A total of 1,521 patients were tested by both blood culture and Enteroscreen-IgM test. Out of which only 118 (7.75%) were positive for S. Typhi by blood culture [Table 3] and 286 (18.80%) were positive for Enterscreen-IgM. Among test group patients of 118 culture-positive patients, 104 (88.13%) were also positive by Enteroscreen-IgM.
Table 3: Results of entertoscreen-IgM test in test group and control groups


Click here to view


In control Group-I patients (54, non-enteric fever patients), Enteroscreen-IgM gave false positive results in 9 (16.66%) patients. However, none of the control Group-II patients (Healthy Controls) were positive with Entertoscreen-IgM indicating thereby high specificity of the test [Table 3].

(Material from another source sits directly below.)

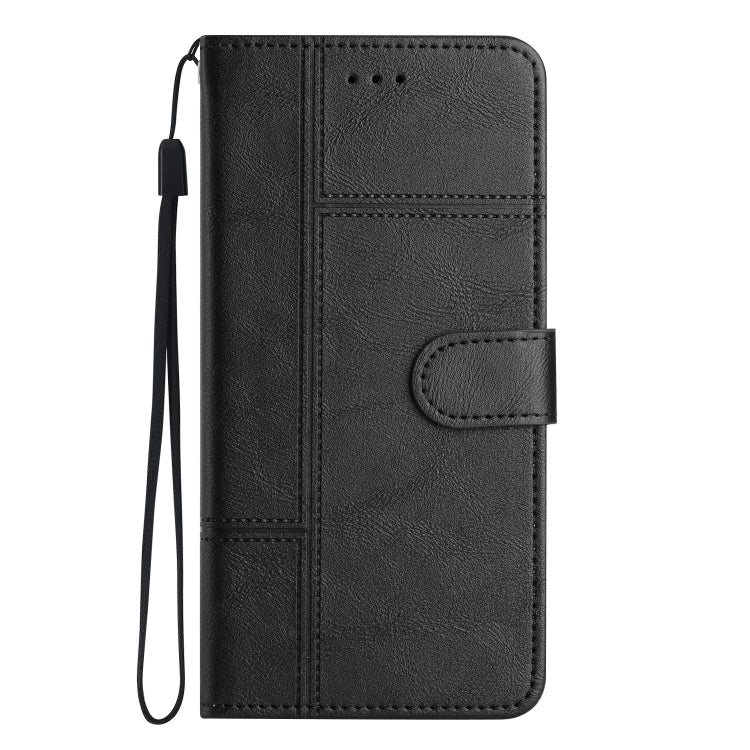 For iPhone 16 Plus Cowhide Texture Stitching Leather Phone Case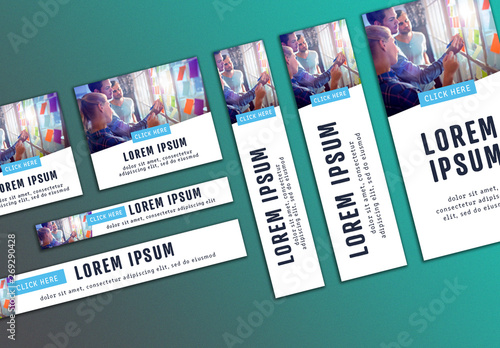 Web Banner Layout Set with Light Blue Accents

The overall sensitivity, specificity, PPV and NPV of the Enteroscreen-IgM test for S. Typhi were 88.13%, 87.83%, 92.03% and 82.27%, respectively [Table 2]. The diagnostic accuracy was 95.31%.

When tested on S. Paratyphi- A blood culture-positive patients, out of 46 patients, Enteroscreen-IgM was positive for 22 (47.83%) patients, only [Table 1].

Typhidot-IgM vs. Enteroscreen-IgM

The comparative evaluation of diagnostic accuracy of both the tests for the diagnosis of enteric fever has been summarized in [Table 2]. Typhidot-IgM was definitely a more sensitive and specific test and the PPV and NPV were also very high, whereas Enteroscreen-IgM had significantly low sensitivity (88.13%) as compared to Typhidot-IgM (97.29%). Similarly, the diagnostic accuracy of Typhidot-IgM was also significantly higher than Enteroscreen-IgM (97.34% vs. 88.02%; P = 0.0005). Although the PPV of Entertoscreen-IgM test was high (92.03%), it was lower than Typhidot-IgM (98.18%). The negative predictive value of Enteroscreen-IgM was quite low as compared to Typhidot-IgM (82.27% vs. 96.15%; P = 0.005). The sensitivity of Typhidot-IgM for S. Paratyphi- A was significantly higher (80%) than that of Enteroscreen-IgM (47.83%).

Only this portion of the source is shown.